* [Task item]: Print, without alteration, the lines that extend from the one holding "Trygvald exotic logo" to the final line of the listing below.
### Material for the task ###
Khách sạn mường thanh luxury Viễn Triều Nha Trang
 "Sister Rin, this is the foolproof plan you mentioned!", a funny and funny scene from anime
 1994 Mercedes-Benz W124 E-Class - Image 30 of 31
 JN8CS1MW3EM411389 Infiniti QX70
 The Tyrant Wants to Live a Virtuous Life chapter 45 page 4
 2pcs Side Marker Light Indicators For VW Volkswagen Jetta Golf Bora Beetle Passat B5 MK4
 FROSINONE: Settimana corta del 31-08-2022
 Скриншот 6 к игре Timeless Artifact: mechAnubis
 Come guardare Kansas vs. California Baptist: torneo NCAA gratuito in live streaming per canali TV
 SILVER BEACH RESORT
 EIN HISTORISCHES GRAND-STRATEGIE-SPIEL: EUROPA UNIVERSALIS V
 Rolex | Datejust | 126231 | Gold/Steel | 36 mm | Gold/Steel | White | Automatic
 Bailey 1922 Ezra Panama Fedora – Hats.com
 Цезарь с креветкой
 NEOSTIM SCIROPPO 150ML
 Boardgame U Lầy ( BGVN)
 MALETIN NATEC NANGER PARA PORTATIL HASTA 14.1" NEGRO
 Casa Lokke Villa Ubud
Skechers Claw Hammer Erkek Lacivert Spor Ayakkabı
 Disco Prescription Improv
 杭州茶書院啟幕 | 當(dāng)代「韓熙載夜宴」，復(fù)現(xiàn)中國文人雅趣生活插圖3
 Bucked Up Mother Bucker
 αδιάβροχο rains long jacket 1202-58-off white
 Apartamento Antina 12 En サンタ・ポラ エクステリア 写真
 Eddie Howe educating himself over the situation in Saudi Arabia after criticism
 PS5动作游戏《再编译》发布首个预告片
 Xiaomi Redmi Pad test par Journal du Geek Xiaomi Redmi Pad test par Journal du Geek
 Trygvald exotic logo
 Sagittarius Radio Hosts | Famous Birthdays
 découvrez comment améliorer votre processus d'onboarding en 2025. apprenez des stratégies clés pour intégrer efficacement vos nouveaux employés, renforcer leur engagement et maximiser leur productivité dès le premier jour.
###
* [Answer]:
 Trygvald exotic logo
 Sagittarius Radio Hosts | Famous Birthdays
 découvrez comment améliorer votre processus d'onboarding en 2025. apprenez des stratégies clés pour intégrer efficacement vos nouveaux employés, renforcer leur engagement et maximiser leur productivité dès le premier jour.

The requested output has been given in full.